If computers can't easily parse data, they can't do anything meaningful with it. However, once computers can easily disentangle the layers of data, watch out: innovation happens like crazy.
In a series of blog posts I'm going to talk about all the beauty of separating content from presentation. And how that simple idea when amplified with proven, existing design patterns makes things really interesting. Let's start with Twitter as an example...
When you view tweets on twitter.com, you see shared links, hashtags, and @mentions, all of which are clickable. But if you query the Twitter API you get back plain text. Why?
Because Twitter understands the importance of separating the content layer from the presentation layer. Imagine seeing this on a phone:
Ran into <a href="/%3Ca%20href%3D"http://twitter.com/shanley">http://twitter.com/shanley">@shanley</a> at <a href="/%3Ca%20href%3D"http://twitter.com/#!/search?q=%23sxsw">http://twitter.com/#!/search?q=%23sxsw">#sxsw</a>!
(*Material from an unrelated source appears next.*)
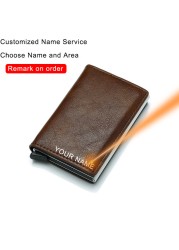 Carbon Fiber Anti RFID Bank Card Holder Men Women Business Credit Card Holder Card Holder Wallet Leather Case Bag Popwallet Logo Dropshipping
… because the SMS app on that old phone didn't understand HTML! Furthermore, when every character counts, like in a 160 character SMS message, markup would end up dominating the content. You shouldn't even assume that the consumer device will even know what to do with it.
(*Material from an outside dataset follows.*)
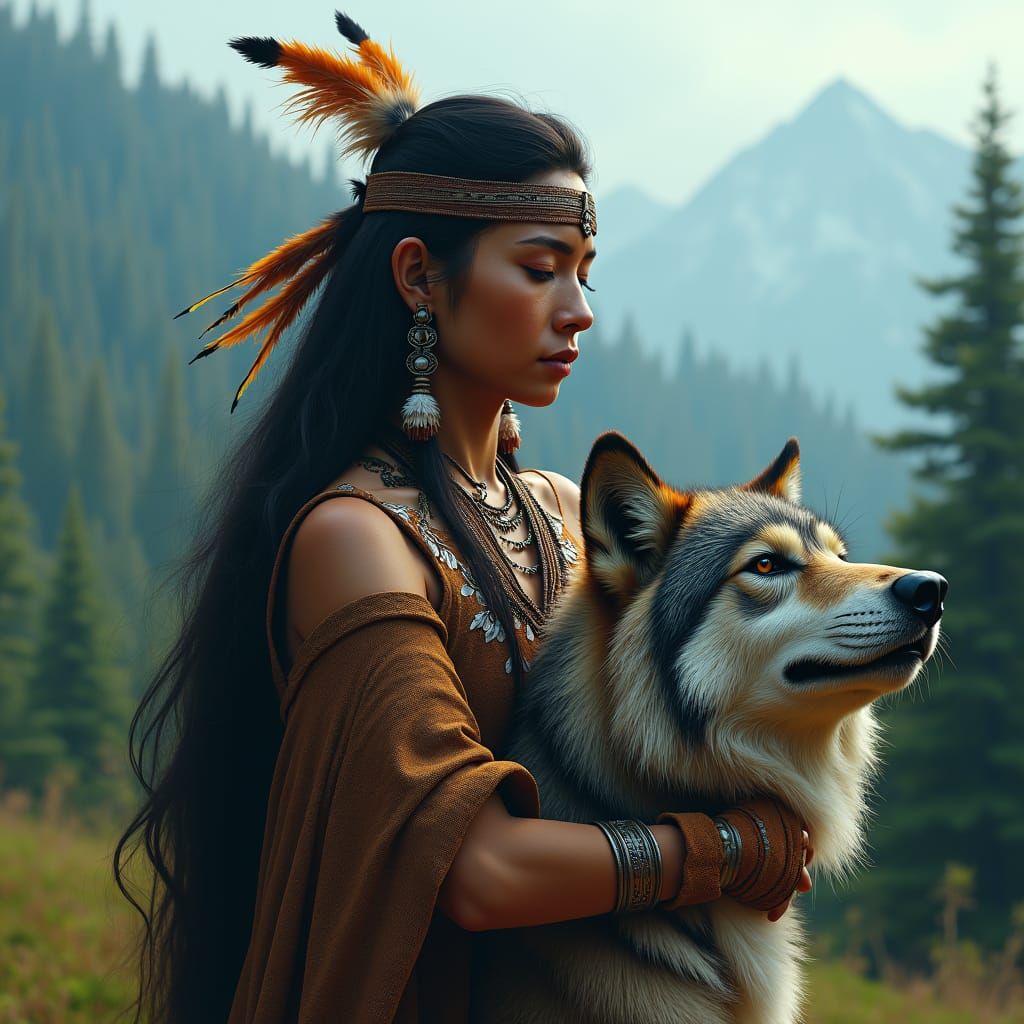 Indigenous Woman with Wolf Pelt in Mystical Forest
So instead, Twitter keeps statuses as simple as possible—text only. This is plain, vanilla content. No markup, just data (well, unless you count the "organic" markup conventions like hashtags and @mentions).
Everything else, all the rest of the CSS and HTML that make up the twitter.com experience—that's the presentation layer. It takes all that content and makes it look good.
APIs, at their most basic, are carriers of content. They are perfectly evolved for getting data from one place to another.
And this is super-important in today's world, where we consume content on multiple devices. One size no longer fits all. There is no single form-factor. Each device offers a different experience of the same content.
This is just one example why APIs are changing the way we develop, by demanding the best-practice approach of separating the content and presentation layers. Modern web applications use the same APIs that their official mobile apps do. And those are the same APIs that get exposed to 3rd party developers who innovate around the edges.